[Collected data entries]
+++++

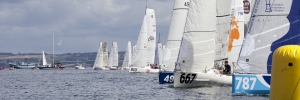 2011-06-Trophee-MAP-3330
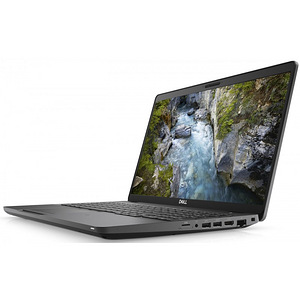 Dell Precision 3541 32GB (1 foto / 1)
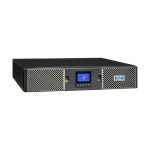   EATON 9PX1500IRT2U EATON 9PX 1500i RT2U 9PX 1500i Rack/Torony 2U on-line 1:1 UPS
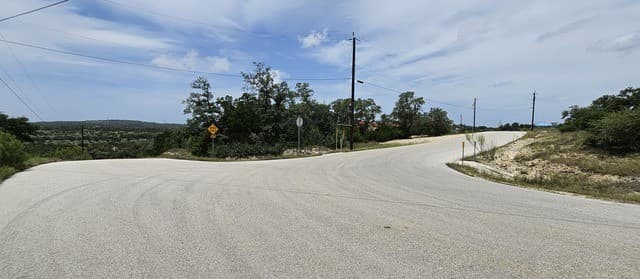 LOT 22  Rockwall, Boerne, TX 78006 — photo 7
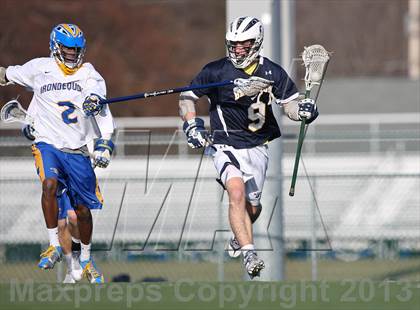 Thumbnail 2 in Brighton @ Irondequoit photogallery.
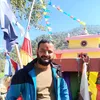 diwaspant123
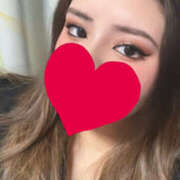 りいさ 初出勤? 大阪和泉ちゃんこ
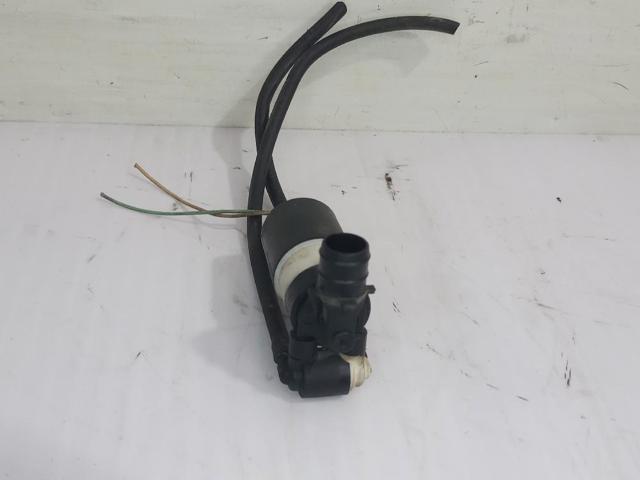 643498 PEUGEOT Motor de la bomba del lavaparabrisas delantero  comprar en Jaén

+++++

Work required: The result should be a word-for-word restatement of all the data, without images.

Task response:
 2011-06-Trophee-MAP-3330
 Dell Precision 3541 32GB (1 foto / 1)
   EATON 9PX1500IRT2U EATON 9PX 1500i RT2U 9PX 1500i Rack/Torony 2U on-line 1:1 UPS
 LOT 22  Rockwall, Boerne, TX 78006 — photo 7
 Thumbnail 2 in Brighton @ Irondequoit photogallery.
 diwaspant123
 りいさ 初出勤? 大阪和泉ちゃんこ
 643498 PEUGEOT Motor de la bomba del lavaparabrisas delantero  comprar en Jaén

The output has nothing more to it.